The Warsaw Uprising Museum is building a replica of the American Liberator B-24J bomber, which dropped supplies to the insurgents of the Warsaw Uprising in 1944. The replica (wingspan – over 30 metres, fuselage – 20 metres) will stand in one of the exhibition halls as from 3rd May this year. The replica required permission from the US State Department as the Liberator is still listed as a combat aircraft.
When carrying its maximum weight, the Liberator weighed almost 30 tonnes. "If we visualise that in 1944 these machines descended to roof level over fighting Warsaw, we get an idea of their pilots’ skills.” – said Piotr Śliwowski, a historian at the Museum.

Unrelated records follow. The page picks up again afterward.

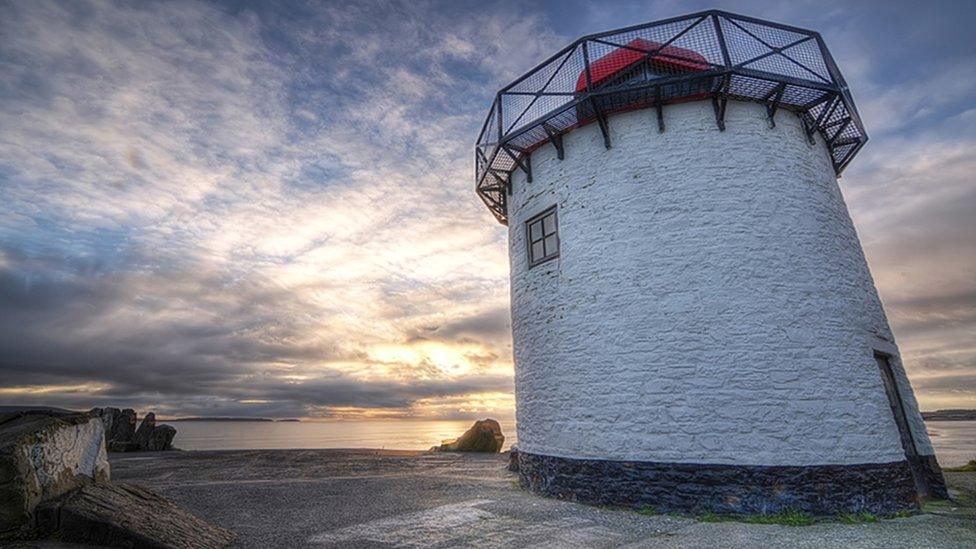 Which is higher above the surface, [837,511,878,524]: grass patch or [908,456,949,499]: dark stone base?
[908,456,949,499]: dark stone base

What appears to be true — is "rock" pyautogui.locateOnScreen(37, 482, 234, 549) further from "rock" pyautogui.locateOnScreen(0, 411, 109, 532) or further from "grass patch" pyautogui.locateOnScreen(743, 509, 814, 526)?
"grass patch" pyautogui.locateOnScreen(743, 509, 814, 526)

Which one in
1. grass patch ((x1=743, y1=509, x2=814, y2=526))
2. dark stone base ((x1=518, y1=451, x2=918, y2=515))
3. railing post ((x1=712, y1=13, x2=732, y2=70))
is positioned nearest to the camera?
grass patch ((x1=743, y1=509, x2=814, y2=526))

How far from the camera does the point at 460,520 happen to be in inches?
254

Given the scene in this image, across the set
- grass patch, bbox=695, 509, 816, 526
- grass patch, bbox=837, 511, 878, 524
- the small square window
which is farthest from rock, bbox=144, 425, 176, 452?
grass patch, bbox=837, 511, 878, 524

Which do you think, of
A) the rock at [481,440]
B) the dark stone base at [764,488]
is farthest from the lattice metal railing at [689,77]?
the rock at [481,440]

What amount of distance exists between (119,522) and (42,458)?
0.94 m

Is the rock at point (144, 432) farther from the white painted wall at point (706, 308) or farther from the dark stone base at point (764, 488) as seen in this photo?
the dark stone base at point (764, 488)

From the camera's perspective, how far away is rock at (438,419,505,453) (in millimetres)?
19125

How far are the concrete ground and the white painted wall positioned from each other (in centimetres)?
101

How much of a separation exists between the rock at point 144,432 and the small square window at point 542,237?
19770mm

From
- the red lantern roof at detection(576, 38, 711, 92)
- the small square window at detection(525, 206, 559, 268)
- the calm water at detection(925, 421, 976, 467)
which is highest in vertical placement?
the red lantern roof at detection(576, 38, 711, 92)

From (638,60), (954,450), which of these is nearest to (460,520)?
(638,60)

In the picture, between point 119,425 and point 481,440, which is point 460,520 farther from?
point 119,425

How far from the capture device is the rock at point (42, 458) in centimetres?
398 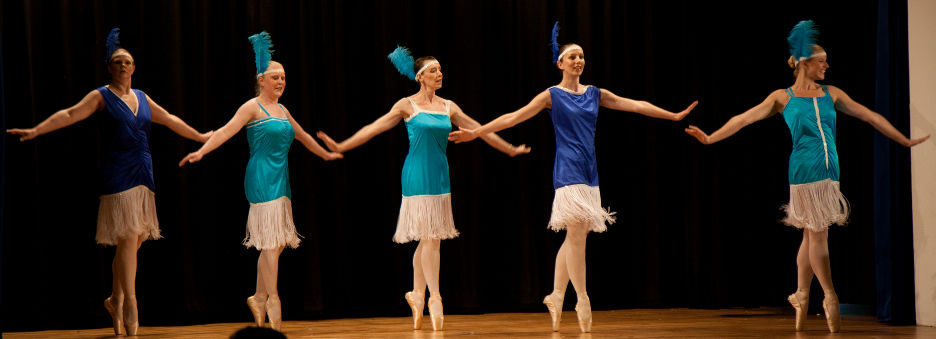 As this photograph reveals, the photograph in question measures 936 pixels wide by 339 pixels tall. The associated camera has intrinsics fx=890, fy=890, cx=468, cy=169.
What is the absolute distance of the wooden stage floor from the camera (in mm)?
4805

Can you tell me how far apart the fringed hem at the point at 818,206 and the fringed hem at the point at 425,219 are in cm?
192

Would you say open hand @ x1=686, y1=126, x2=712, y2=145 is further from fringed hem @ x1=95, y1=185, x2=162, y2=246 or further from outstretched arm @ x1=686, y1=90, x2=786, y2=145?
fringed hem @ x1=95, y1=185, x2=162, y2=246

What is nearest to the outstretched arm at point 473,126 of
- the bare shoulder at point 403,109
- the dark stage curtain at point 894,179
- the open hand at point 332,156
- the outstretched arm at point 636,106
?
the bare shoulder at point 403,109

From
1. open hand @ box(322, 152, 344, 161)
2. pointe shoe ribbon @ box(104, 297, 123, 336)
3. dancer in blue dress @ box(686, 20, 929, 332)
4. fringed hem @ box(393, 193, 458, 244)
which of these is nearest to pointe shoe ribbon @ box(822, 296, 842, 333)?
dancer in blue dress @ box(686, 20, 929, 332)

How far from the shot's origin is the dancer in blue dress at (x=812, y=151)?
4844 mm

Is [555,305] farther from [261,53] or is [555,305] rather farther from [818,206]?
[261,53]

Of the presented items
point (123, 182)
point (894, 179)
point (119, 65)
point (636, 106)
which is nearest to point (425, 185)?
point (636, 106)

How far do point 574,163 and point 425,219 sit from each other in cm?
92

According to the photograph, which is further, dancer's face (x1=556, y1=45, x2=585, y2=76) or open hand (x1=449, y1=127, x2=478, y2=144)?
dancer's face (x1=556, y1=45, x2=585, y2=76)

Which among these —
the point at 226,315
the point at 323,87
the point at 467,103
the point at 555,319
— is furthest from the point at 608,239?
the point at 226,315

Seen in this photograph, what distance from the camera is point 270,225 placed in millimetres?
4902

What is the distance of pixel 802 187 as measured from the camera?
16.1 ft

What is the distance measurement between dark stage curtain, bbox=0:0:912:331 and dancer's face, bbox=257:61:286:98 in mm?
913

This is a world first regarding the machines reconstruction. The model is based on original design specifications (Radosław Sikorski, the Minister of Defence, gave the Museum microfilmed technical drawings of the machine and descriptions, in 2005), and it incorporates original parts from a Liberator shot down by a German fighter plane near Bochnia on the night of 14th-15th August 1944. That Liberator, flown by Capt. Zbigniew Szostak, was part of the Polish Squadron 1586 which flew from southern Italy to relieve Warsaw. Points of design detail in the replica were consulted with surviving airmen and mechanics of Squadron 1586. 

Liberators became very popular and used on every World War II front. Primarily they served as bombers, but were also used for reconnaissance and transport missions, and as constituents of coastal defence units. Originally, they were built in five US production plants; over 19000 such machines were built during World War II.

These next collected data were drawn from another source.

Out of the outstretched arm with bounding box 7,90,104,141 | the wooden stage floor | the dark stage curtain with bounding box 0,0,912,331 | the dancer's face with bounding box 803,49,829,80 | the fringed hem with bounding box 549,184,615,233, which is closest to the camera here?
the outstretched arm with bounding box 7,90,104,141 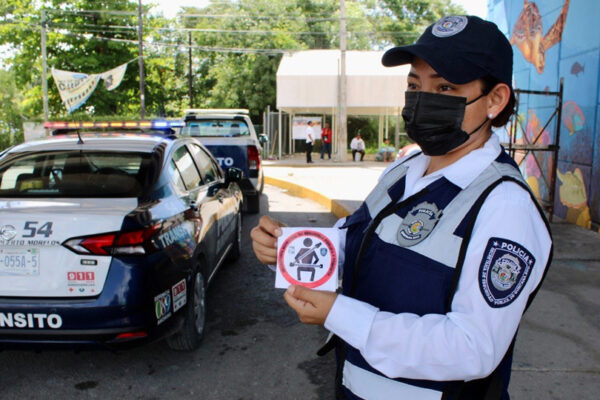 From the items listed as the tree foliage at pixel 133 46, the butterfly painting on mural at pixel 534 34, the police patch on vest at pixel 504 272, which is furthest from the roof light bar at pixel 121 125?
the tree foliage at pixel 133 46

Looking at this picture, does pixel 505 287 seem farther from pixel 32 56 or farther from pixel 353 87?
pixel 32 56

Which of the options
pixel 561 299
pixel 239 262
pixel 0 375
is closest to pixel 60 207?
pixel 0 375

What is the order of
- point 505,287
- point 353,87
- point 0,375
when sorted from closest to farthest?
point 505,287
point 0,375
point 353,87

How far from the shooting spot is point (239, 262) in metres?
6.25

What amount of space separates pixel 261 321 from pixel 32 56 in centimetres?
3361

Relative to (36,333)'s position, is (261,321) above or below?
below

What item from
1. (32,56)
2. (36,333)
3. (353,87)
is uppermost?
(32,56)

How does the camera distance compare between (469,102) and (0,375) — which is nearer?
(469,102)

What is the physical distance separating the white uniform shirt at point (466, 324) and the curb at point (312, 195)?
269 inches

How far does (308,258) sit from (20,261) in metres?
2.19

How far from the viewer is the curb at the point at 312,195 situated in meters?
8.98

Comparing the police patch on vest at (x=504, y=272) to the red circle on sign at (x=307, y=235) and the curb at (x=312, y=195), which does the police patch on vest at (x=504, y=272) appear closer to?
the red circle on sign at (x=307, y=235)

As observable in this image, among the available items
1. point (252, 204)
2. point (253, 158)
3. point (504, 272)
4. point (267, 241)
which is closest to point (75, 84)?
point (252, 204)

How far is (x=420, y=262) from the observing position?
3.96ft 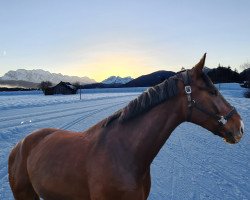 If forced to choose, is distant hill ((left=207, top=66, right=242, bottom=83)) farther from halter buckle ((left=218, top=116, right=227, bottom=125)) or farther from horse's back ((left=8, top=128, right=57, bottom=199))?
halter buckle ((left=218, top=116, right=227, bottom=125))

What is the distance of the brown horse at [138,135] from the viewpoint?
8.93ft

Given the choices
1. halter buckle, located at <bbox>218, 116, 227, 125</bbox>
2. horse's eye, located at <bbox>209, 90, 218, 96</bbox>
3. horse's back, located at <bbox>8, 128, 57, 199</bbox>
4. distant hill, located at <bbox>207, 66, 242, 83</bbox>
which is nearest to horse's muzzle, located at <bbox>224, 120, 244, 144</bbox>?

http://img265.imageshack.us/my.php?image=10035081xj.jpg
http://img206.imageshack.us/my.php?image=10035101zc.jpg
http://img206.imageshack.us/my.php?image=10035180fb.jpg
http://img206.imageshack.us/my.php?image=10035199js.jpg
http://img53.imageshack.us/my.php?image=10035209tr.jpg
http://img53.imageshack.us/my.php?image=10035227ti.jpg


----------



## syscom3 (May 7, 2006)

Wow!

Keep us informed on this.

If you can take some pictures of the exhibits inside the museum, please do so and share with us.


----------



## Nonskimmer (May 7, 2006)

Very cool!


----------



## Wildcat (May 8, 2006)

Pretty sweet!


----------



## Gnomey (May 8, 2006)

Cool, be sure to take some pics.


----------



## evangilder (May 8, 2006)

Nice!


----------



## the lancaster kicks ass (May 13, 2006)

mmm, so she's going to be made exactily like the B-24 or more of just a metal shell?


----------